Par le roy, à la relacion du conseil. H. Camus.


1 Charles, d’abord connu sous le titre de comte de Ponthieu, le plus jeune fils de Charles VI et d’Isabeau de Bavière, né en l’hôtel Saint-Paul à Paris le 22 février 1403 n.s., devint dauphin par la mort de ses deux aînés, Louis, duc de Guyenne, décédé le 18 décembre 1415, et Jean, duc de Touraine, le 4 ou le 5 avril 1417. Monstrelet prétend (t. III, p. 168) qu’ils furent empoisonnés, et Pierre de Fénin (p. 70) se fait l’écho du même bruit, que les écrivains bourguignons se plurent à accréditer. Des lettres du 12 juillet 1401, portant don à Jean duc de Touraine du duché de Berry et du comté de Poitou, pour en jouir après la mort de Jean de France, duc de Berry, si ce prince ne laissait pas d’enfant mâle légitime, ont été publiées dans notre précédent volume, p. 393. Le lendemain du décès de celui-ci, c’est-à-dire le 16 juin 1416, le don du comté de Poitou et du duché de Berry fut confirmé au dauphin Jean, par lettres du roi enregistrées à la Chambre des comptes. Elles ont été publiées dans le recueil des Ordonnances des rois de France, t. X, p. 368, d’après l’ancien mémorial H, fol. 168, de ladite Chambre, reconstitué après l’incendie. Jean ne jouit guère que pendant neuf mois de cet apanage, et l’on ne sait même s’il fit le voyage pour en prendre possession. Un mois après sa mort, le Berry et le Poitou furent conférés à son frère Charles, par lettres patentes du 17 mai 1417, dont nous avons fait mention précédemment (t. VI, p. 374 n.) en annonçant qu’elles seraient imprimées dans ce volume. Mais comme elles n’ont pas été transcrites sur les registres de la grande Chancellerie, contrairement à ce que nous avions pensé, on n’en devra pas chercher le texte dans notre publication. Il se trouve d’ailleurs dans le recueil des Ordonnances (t. X, p. 409), d’après le même mémorial H, fol. 84 v°, de la Chambre des comptes. Une copie préférable au texte imprimé est transcrite sur le registre du Parlement de Paris, X1a 8603, fol. 13 v°. Quand la trahison de Perrinet Leclerc eut livré Paris au duc de Bourgogne (29 mai 1418), le dauphin Charles dut fuir et se retira à Bourges, puis à Poitiers, où il établit le siège de son gouvernement. Son entrée dans cette dernière ville eut lieu le 10 août 1418, suivant le livre des hommages et devoirs dus par les vassaux du nouveau comte de Poitou, dressé à cette époque par Pierre Morelon, receveur du dauphin dans cette partie de son apanage. (Arch. nat., P. 1144, fol. 1.)
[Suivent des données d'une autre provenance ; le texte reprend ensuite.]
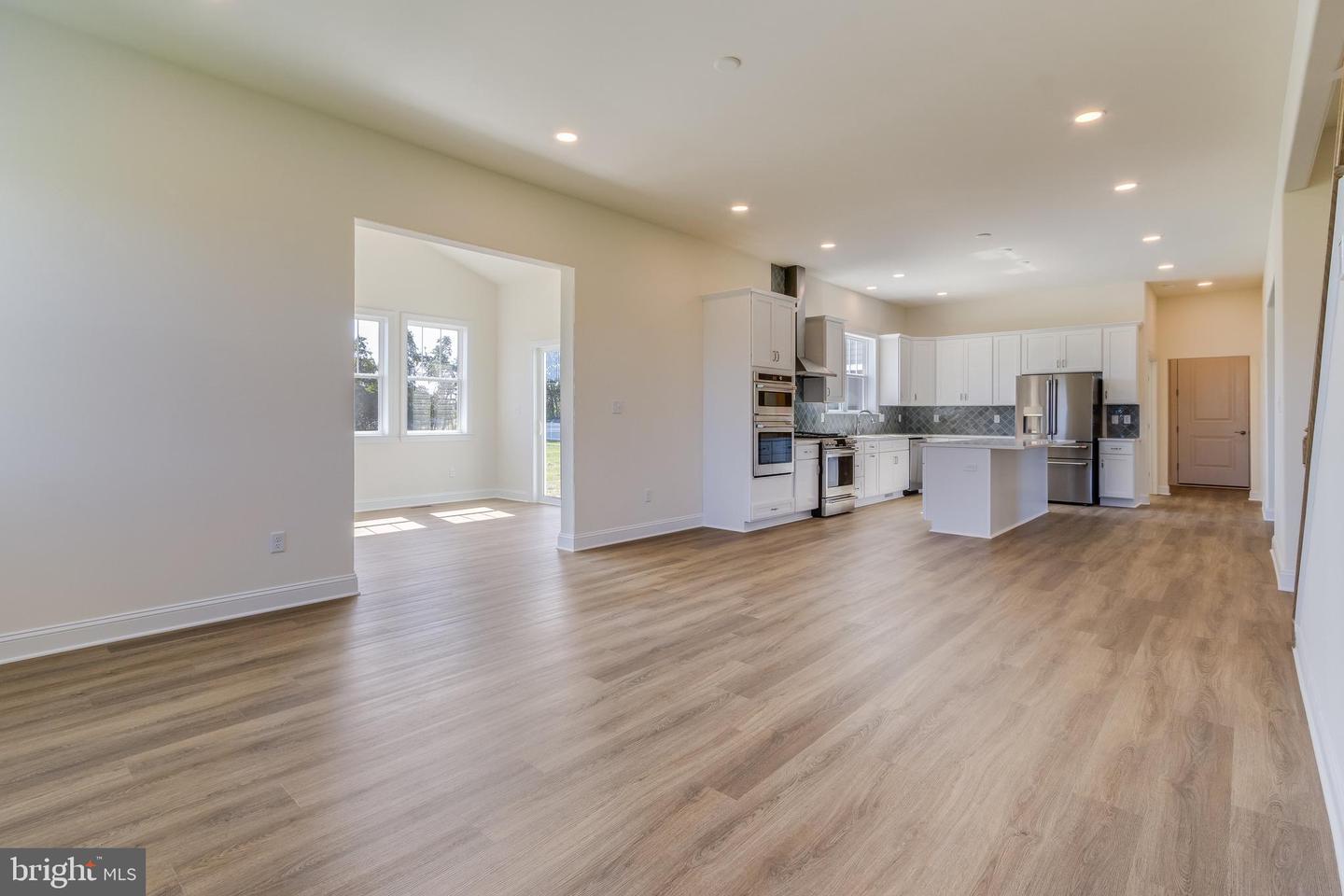 DESU2098360-804227866820-2025-10-08-16-26-54 29273 River Rock Way | Milton, DE Real Estate For Sale | MLS# Desu2098360  - Jack Lingo REALTOR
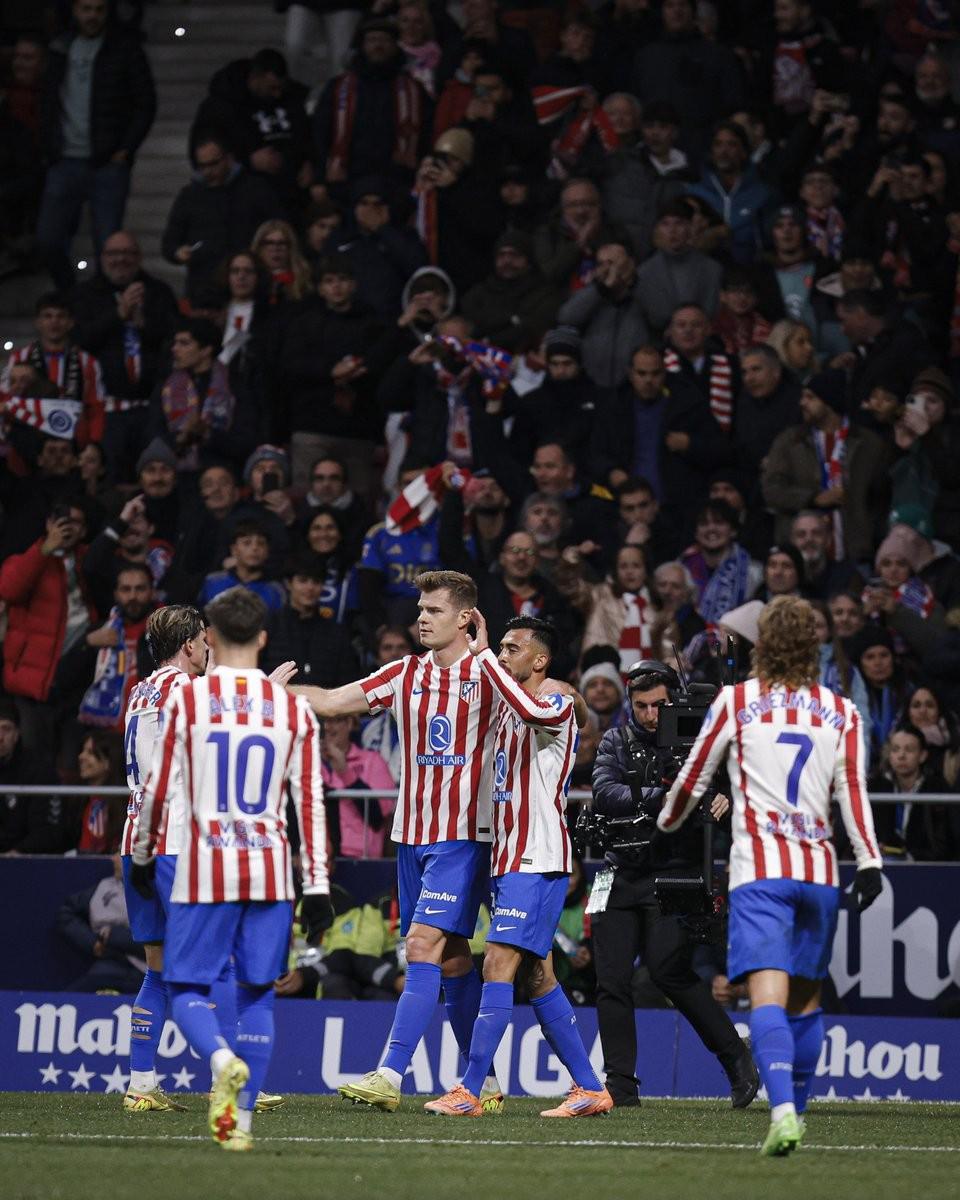 欧冠决赛 欧冠决赛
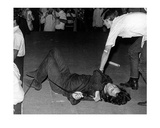 Jim Morrison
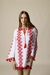 Bata / Saída Rafaela - comprar online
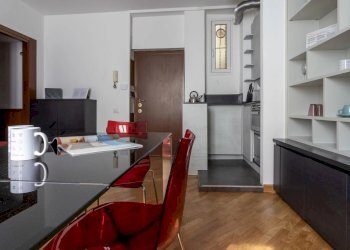 Appartamento Viale Abruzzi, Milano (zona Città Studi) - foto 1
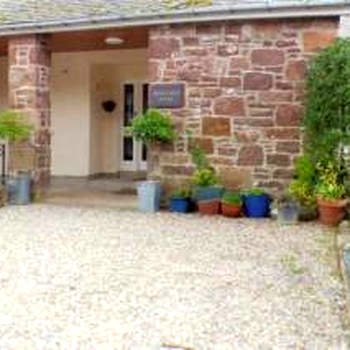 Heartseed House Bed & Breakfast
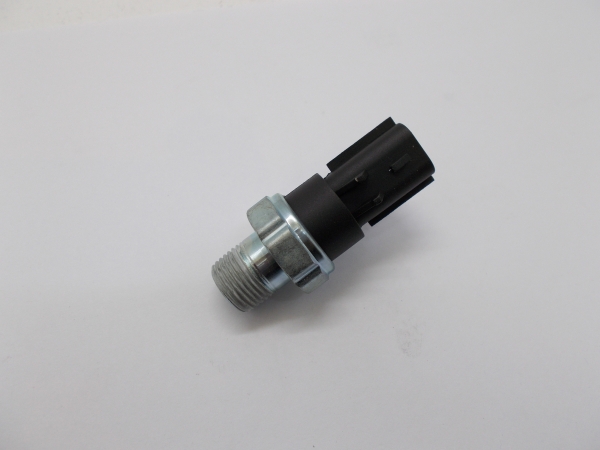: 5149098 0066246    -31105, 3302 . PARTS PROFE (, ,,,,, , NEXT, NEXT) novosibirsk.zp495.ru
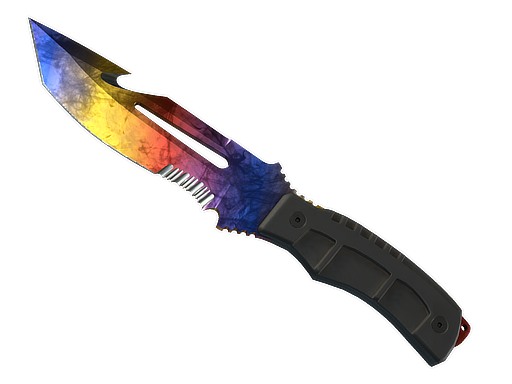 House_TTV's tweet photo. FN Survival Knife Marble Fade, Subscriber Giveaway!
(Rolls on 15th of March)   
To enter please:    
✅Retweet &amp; Like.    
📷Follow on Twitch - https://t.co/PMz3S50Nhp 📷
❤️‍🔥Subscribe

#CS2 #CS2Giveaway #Giveaway #knife #gaming https://t.co/7CvdD9MQqh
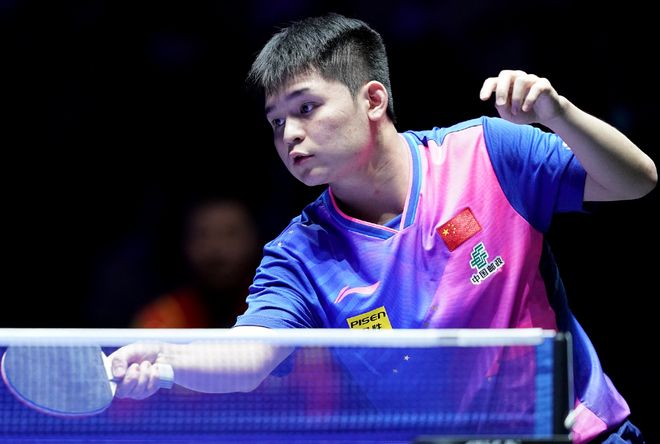 的心理抗压 的心理抗压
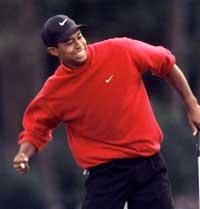 The Tiger Pump (infoplease.com)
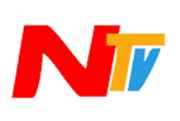 NTV Telugu - India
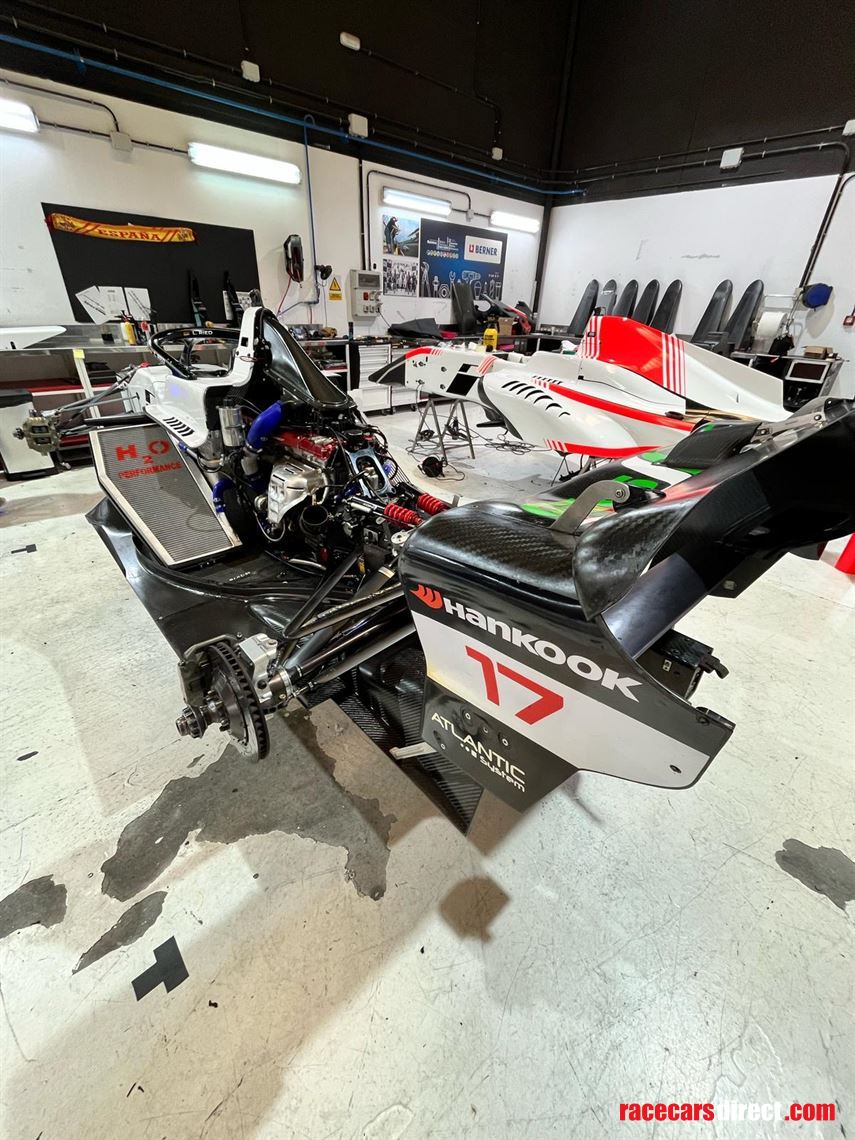 tatuus-alfa-f3-regional-eurocup3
2 A la date du 11 mars 1419 n.s., on trouve un arrêt du Parlement siégeant à Poitiers, qui confirme une sentence du prévôt de Melle contre Jean Voisin, dudit lieu, et au profit de Jean Bigeon. J. Voisin avait voulu récuser, sans motif suffisant, des témoins entendus par le prévôt dans une enquête sur une plainte de J. Bigeon. (Arch. nat., X1a 9190, fol. 9 v°.)

3 Un Jean Baconet, licencié en lois, était sénéchal du Bois-Pouvreau pour Georges de La Trémoïlle, seigneur du lieu, le 8 juin 1434. (A. Richard, Inventaire des archives du château de la Barre, t. II, p. 32.)